According to The Local, the Christian Democrats (CDU) expressed preference for a religious-based public holiday to be chosen instead of Women's Day, while the Free Democrats (FDP) argued the public holiday would have negative repercussions for the German economy.

Although the German capital is among a global minority celebrating Women's Day as a public holiday, other countries also acknowledge it, including Russia  - where March 8 has held significance since 1918 and Madagascar, where only working women are given the day off. 

Women take part in a demonstration for International Women's Day in Berlin.
Women take part in a demonstration for International Women's Day in Berlin.

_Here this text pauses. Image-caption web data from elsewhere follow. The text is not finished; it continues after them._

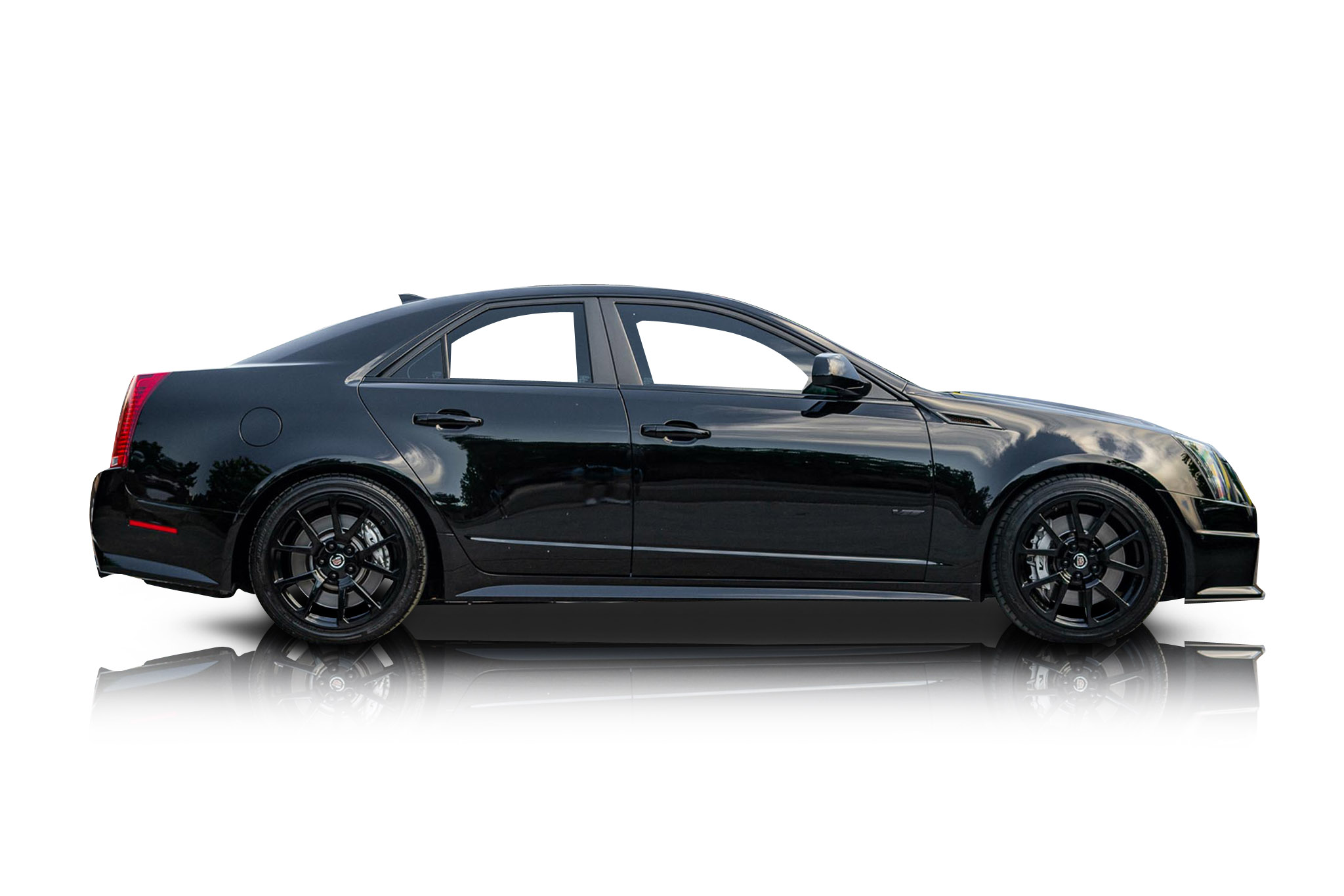An incredible side shot photo of a car that you should buy.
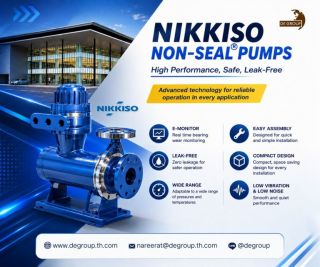 NIKKISO NON-SEAL PUMPS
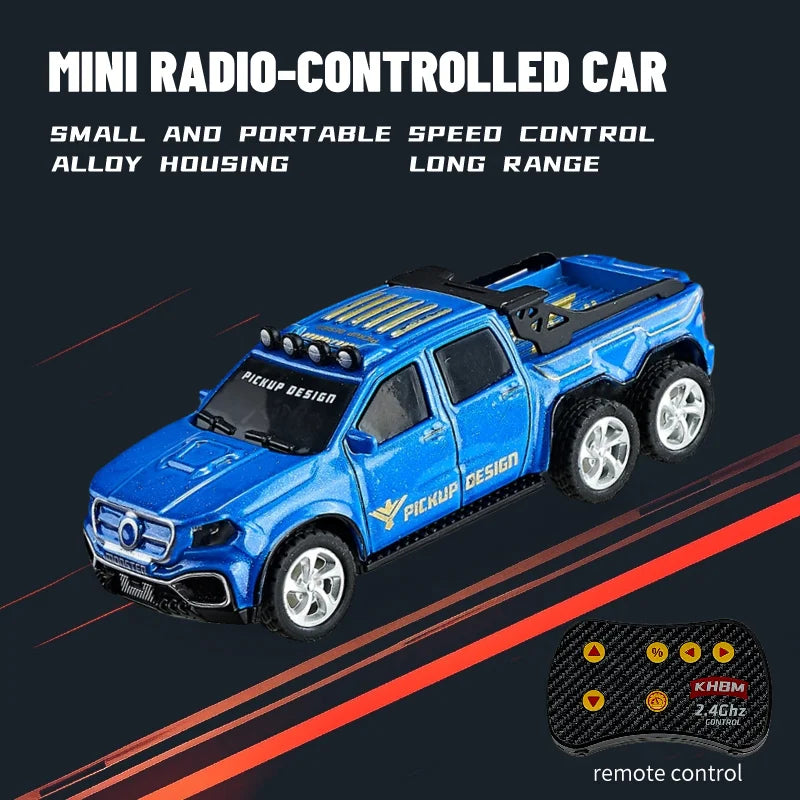 Mini 1:64 Alloy Remote Control Car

Speaking to SBS German, German Consul General Peter Silberberg said Berlin was leading the way by making Women's Day a public holiday.

“It’s important on this occasion to reflect about what still needs to be done to achieve social, economic, cultural and political equality for women across all countries around the world,” Mr Silberberg said.

"The female founders of International Women’s Day and their compatriots could not vote when the date was set. Indeed, for German women, that right was only gained after the end of World War One."

The German Ambassador to Australia, Dr Anna Prinz views Berlin's decision as a positive move.

"Generally, I welcome any measures that will help achieve equality for women in all aspects of society," Dr Anna Prinz told SBS.

"I cannot predict whether this new public holiday in the State of Berlin on March 8th will raise awareness and promote equal representation, including equal pay, for women in our society - but I would certainly be very happy if it did and welcome any efforts taken in this direction."

Berlin's announcement of Frauentag's public holiday status in late January saw many express support for the decision on Twitter.

Initially celebrating World Women’s Day in 1911, Germany has held the date fixed in the calendar since 1921.

It was only in 1975, the day was acknowledged by the United Nations and adopted as an official celebration of women, drawing attention to equality.